As noted above, the ossifications originate from the cortex or periosteum, not from the medullary cavity.

Pathoanatomic Background of the Findings

As the bone scan showed, the hyperostotic changes in the right ilium and left femur are active, so this would largely exclude congenital hyperostosis. The most frequent causes of noncongenital hyperostosis are chronic inflammation and primary or secondary bone tumors. It is important to note that the hyperostotic changes do not originate from the medullary cavities but from the cortex and/or the periosteum, also largely excluding a septic bifocal osteomyelitis. This finding also excludes bone tumors such as primary non-Hodgkin lymphoma of bone, which generally arise from or involve the medullary cavities (see also Fig. 4.3). Exceptions are periosteal osteoid osteoma and osteosarcoma, but the CT scans do not show a nidus of osteoid osteoma, nor do they show spicules or other features suggestive of periosteal osteosarcoma.

We can also exclude Paget disease because the hyperostotic changes in this case are symptomatic; this would be extremely unusual for Paget disease (see Case 8, Case 9, Case 12, Case 14, Case 51, Case 107, and Case 140). Moreover, the changes in the left femur do not involve the epiphysis, where the structural alterations in Paget disease generally originate in long bones. This leaves us with a bifocal, reactive, chronic proliferative bone process that appears to arise from the periosteum. These characteristics are suspicious for enthesitis.

Assignment to a Possible Basic Entity

Inflammation?

Yes, a reactive type. The considerations under Pathoanatomic Background of the Findings would suggest a bifocal enthesitis with proliferative periosteal new bone formation, since current theory interprets the periosteum as an enthesis—that is, a site where soft-tissue structures are attached to bone. These junctions are highly susceptible to systemic reactive inflammatory changes. The areas of cortical thickening on the ilium and femur are also due partly to incipient osteitis.

Tumor?

Very unlikely, aside from a very unusual bifocal form of non-Hodgkin lymphoma of bone.

Synopsis and Discussion

Based on the considerations above, the most likely diagnosis is a “rheumatic” enthesitis, which is a type of seronegative spondyloarthritis. Systemic forms of enthesitis associated with exuberant hyperostosis include spondyloarthritis with pustular skin changes (psoriasis and its variant, pustulosis palmoplantaris). After further consultation with the referring orthopedist, we learned that the patient had none of these skin diseases. Of course, this alone does not positively exclude the presence of a skin disease, which would require a dermatologic consult including biopsy of suspicious areas (see Case 39, Case 40, and Case 49). The orthopedist stated that there was no clinical evidence of another form of spondyloarthritis. We recommended that the patient should see a rheumatologist, but unfortunately she has not followed this recommendation as far as we know. An imaging follow-up at 6 months showed no change in the skeletal abnormalities.

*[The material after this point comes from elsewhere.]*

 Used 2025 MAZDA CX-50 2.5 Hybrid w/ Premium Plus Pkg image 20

This makes a neoplastic process very unlikely and does not suggest a pressing need for histologic evaluation. It should be added that hyperostotic changes in spondyloarthritis do not have a specific histology, so a biopsy would have served only to narrow the differential diagnosis.

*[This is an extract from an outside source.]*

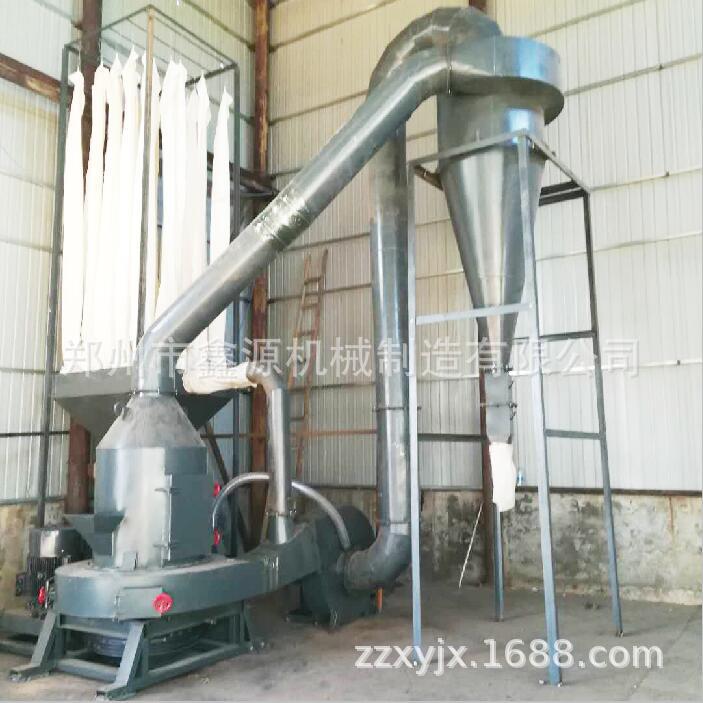 机油总成铝灰分离机_不断轴铝灰分离机_铝灰分离机视频_鑫源机械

Regarding the differential diagnosis of sclerotic changes in the femur, the case in Fig. 4.3 shows an osteosclerotic osteosarcoma in the femoral neck of an 18-year-old male. Unlike Case 48, the sclerotic process is located in the bone, not in or along the periosteum. The MR images show that the lesion has broken through the bone on the anterior side. The morphology of this case and the patient’s age suggest an immediate diagnosis of osteosarcoma. The only other possible entity would be a primary non-Hodgkin lymphoma of bone, and that condition should be histologically confirmed or excluded.